Abstract

The Gaussian curvature of a two-dimensional Riemannian manifold is uniquely determined by the choice of the metric. The formulas for computing the curvature in terms of components of the metric, in isothermal coordinates, involve the Laplacian operator and therefore, the problem of finding a Riemannian metric for a given curvature form may be viewed as a potential theory problem. This problem has, generally speaking, a multitude of solutions. To specify the solution uniquely, we ask that the metric have the mean value property for harmonic functions with respect to some given point. This means that we assume that the surface is simply connected and that it has a smooth boundary.
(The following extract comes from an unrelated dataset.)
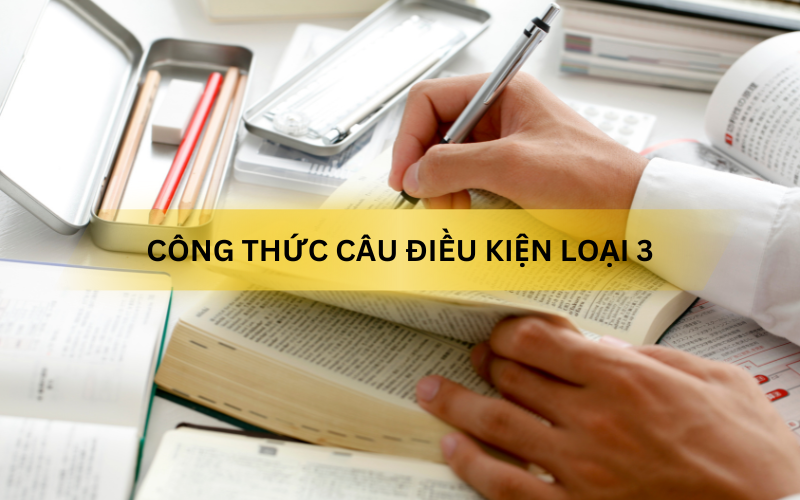 Cấu trúc câu điều kiện loại 3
In terms of the so-called metric potential, we are looking for a unique smooth solution to a nonlinear fourth order elliptic partial differential equation with second order Cauchy data given on the boundary. We find a simple condition on the curvature form which ensures that there exists a smooth mean value surface solution. It reads: the curvature form plus half the curvature form for the hyperbolic plane (with the same coordinates) should be ⩽0. The same analysis leads to results on the question of whether the canonical divisors in weighted Bergman spaces over the unit disk have extraneous zeros. Numerical work suggests that the above condition on the curvature form is essentially sharp. Our problem is in spirit analogous to the classical Minkowski problem, where the sphere supplies the chart coordinates via the Gauss map.